Parents in Jackson, Georgia threw a unique birthday party for their daughter, dressing her and her friends like Target employees and renting out one of their stores. The parents seem to have misinterpreted their daughter’s wish - when she said “put on targets and run around a warehouse”, she just meant she wanted to go play laser tag.
A study from London discovered that eating fast food immediately decreases men’s testosterone levels and lowers their sperm count. So if you were looking for a sign that the universe has gone insane, Chick-fil-A is apparently selling birth control.
An American institution took a big hit as the Boy Scouts of America officially filed for bankruptcy this week. But don’t you worry about the Boy Scouts, if anyone is able to find a loophole it’s the guys that spend 15 years learning to tie knots.
One Simple Fix For the NBA All Star Game
Re-energized by its new format, last Sunday’s NBA All-Star Game was one of the best we’ve ever seen. The final minutes featured 10 of the best players in the world, playing hard, with real stakes involved. It was publicly acclaimed as basketball at its highest level.
But I’m not so convinced that’s true. While the middle of February always marks the NBA All Star Break, it also marks another event in the basketball timeline: the end of the high school season. I’m not so sure the best competition in the world isn’t playing in those games.
If you think I’m talking about the nation’s top recruits who could go straight to the pros if given the option, you couldn’t be more incorrect. No, no, I’m talking about high school basketball managers.
Since the advent of social media, each year towards the end of the season, countless videos are released of high school basketball managers who weren’t good enough to make the team getting to play in one of the team’s final games. And while they may not have been good enough to make their respective teams, according to the videos I see on Facebook, these kids come in and play like the best players on the planet.

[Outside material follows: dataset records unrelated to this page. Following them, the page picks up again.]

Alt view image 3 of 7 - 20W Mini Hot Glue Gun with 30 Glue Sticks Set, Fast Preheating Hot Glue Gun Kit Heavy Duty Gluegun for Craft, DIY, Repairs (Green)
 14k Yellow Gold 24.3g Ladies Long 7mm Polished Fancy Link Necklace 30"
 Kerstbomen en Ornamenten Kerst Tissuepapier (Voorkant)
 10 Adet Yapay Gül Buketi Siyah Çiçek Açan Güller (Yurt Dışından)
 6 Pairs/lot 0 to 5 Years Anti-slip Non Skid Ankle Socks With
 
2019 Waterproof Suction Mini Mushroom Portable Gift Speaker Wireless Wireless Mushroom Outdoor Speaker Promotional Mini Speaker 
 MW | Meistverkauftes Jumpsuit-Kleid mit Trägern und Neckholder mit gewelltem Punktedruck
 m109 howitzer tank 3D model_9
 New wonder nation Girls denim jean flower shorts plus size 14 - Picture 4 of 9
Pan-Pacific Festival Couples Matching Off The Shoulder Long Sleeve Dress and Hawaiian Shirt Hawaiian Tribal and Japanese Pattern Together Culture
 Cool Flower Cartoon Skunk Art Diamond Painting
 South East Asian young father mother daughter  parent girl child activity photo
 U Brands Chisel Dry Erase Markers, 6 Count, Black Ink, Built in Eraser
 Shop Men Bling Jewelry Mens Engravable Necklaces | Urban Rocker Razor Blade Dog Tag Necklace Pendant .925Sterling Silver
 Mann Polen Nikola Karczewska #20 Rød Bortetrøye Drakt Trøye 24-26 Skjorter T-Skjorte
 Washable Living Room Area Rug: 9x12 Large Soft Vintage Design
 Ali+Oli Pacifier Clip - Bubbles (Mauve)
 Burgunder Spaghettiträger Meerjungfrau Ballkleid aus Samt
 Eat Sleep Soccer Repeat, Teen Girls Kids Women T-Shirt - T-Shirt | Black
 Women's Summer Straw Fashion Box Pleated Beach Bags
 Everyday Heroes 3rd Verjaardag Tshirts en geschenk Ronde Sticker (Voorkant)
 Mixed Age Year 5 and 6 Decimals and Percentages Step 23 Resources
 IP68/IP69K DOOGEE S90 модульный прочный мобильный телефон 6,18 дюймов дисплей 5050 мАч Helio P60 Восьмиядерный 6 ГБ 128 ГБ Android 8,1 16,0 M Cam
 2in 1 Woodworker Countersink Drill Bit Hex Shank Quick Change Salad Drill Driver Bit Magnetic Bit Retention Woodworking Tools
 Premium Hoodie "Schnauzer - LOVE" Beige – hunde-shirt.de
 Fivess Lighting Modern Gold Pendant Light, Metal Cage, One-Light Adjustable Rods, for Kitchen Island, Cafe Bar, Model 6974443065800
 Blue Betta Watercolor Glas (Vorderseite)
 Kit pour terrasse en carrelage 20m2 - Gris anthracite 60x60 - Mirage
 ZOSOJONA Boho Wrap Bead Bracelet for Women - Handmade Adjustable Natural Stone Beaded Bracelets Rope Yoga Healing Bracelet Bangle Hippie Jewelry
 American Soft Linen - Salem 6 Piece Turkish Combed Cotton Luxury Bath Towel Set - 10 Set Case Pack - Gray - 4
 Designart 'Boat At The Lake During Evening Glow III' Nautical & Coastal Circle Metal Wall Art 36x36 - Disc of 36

The form on their jumpers is often ugly – some kids launch it like a trebuchet, others have the special ability to make it look like they’re shooting something much heavier than a basketball. But the outcome is always the same – buckets. So, I have just one request:
Instead of the 10 best NBA players playing in the All-Star Game next year, I’d like the 5 best players to face off against 5 randomly selected high school basketball managers. Despite the team likely coming in at an average of 5’5 and 112lbs, I’m confident that they could use their special manager powers and give the world’s best a heck of a game. If nothing else, they should be very well-rested.